I think so. Wasn't he at the 1964 Nats in Dallas? Monoline was eventually outlawed in combat.
Dave "Monoline Pete" Kruse is my good friend and combat teammate at the '63 Nats in California. Really a nice guy. And, by the way, he was way ahead of the curve and deeply into electric in the '60s. The rest of us thought he was crazy (not really), which proves what the rest of us knew.
He was aiming at that $1,000 prize and could fly a pretty decent pattern with his (monoline) Nobler, too.
Interesting story at the '63 Nats: Quite a few flyers protested his entry in combat at the pilots' meeting the night before the preliminaries, and some of the "name" flyers insisted they wouldn't even fly if he were permitted to do so. The combat director - Sandy Frank if I recall correctly - stated monoline was allowed under the rules and we'd be starting at 7 am, regardless.
I've never seen such a bunch of grown men act like crybabies ... if you simply use your head, you realize that a monoline-equipped airplane is waaaaay slower to respond than a normal combat ship, and his only advantage is that the (much heavier) single line will literally render your lines ineffective if you allowed his line to drape
over your lines.
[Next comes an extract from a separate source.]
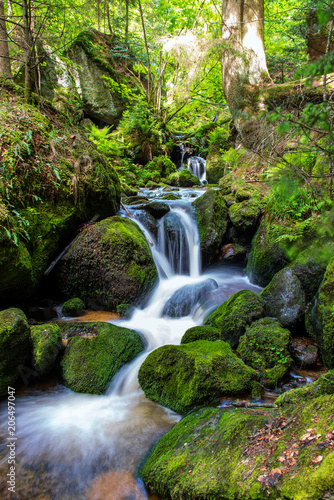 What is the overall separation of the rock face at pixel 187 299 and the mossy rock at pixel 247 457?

Gosh, how hard can it be to simply stay above him, so to speak, while making passes at his much less responsive plane?!?
It went on all day at the prelims - whine, complain, badger, hurl insults.
When we got down to 16 contestants - one round left, the final 8 to fly off on Friday - Dave was matched against Bill Carpenter, designer of the
Swoop kitted by
Sterling and the '60 Nats winner. Dave beat Carpenter fair and square - I don't remember the details - but crybaby Carpenter put up a big fuss, so Dave agreed to a rematch (yes, the judges gave him a choice).
And then he beat Carpenter again.
Well, if whining and complaining works once ... yup, Carpenter complained about something again, Dave agreed to another rematch, and then ... beat Carpenter for the 3rd time!
Well, Dave is above all a real decent guy, and I think he’d reached a breaking point ... when the judges confirmed his win, without any more protests, Dave told them he wanted to forfeit and allow Carpenter to advance.
I was personally crushed, but you respect a friend’s decisions. Three of us from Minneapolis, good friends who regularly flew together, who together mentored kids every Monday night at a neighborhood house in Minneapolis, had gone to the Nats together. We had more fun together on that trip than should be allowed; I had advanced to the finals, and it would literally have been the thrill of a lifetime for both of us to have flown together in the finals.
I didn’t have the pleasure of encountering Carpenter, but think he lost the next round; I finished 4th. I have great memories of that trip and the competition, yet will always feel some sadness about the way Dave was treated.
You know, contestants could have chosen the .09 made by Johnson for power, but they chose .35s instead. Simply to be competitive.
They could have used their brain and realized that Dave was actually at quite a disadvantage, yet they felt a need to whine and eventually legislate against monoline.
Pretty childish from where I sit ...
Dennis
“I know you can fight. But it’s our wits that make us men.” - Malcolm Wallace to his young son William Wallace (Braveheart) in the movie of that name.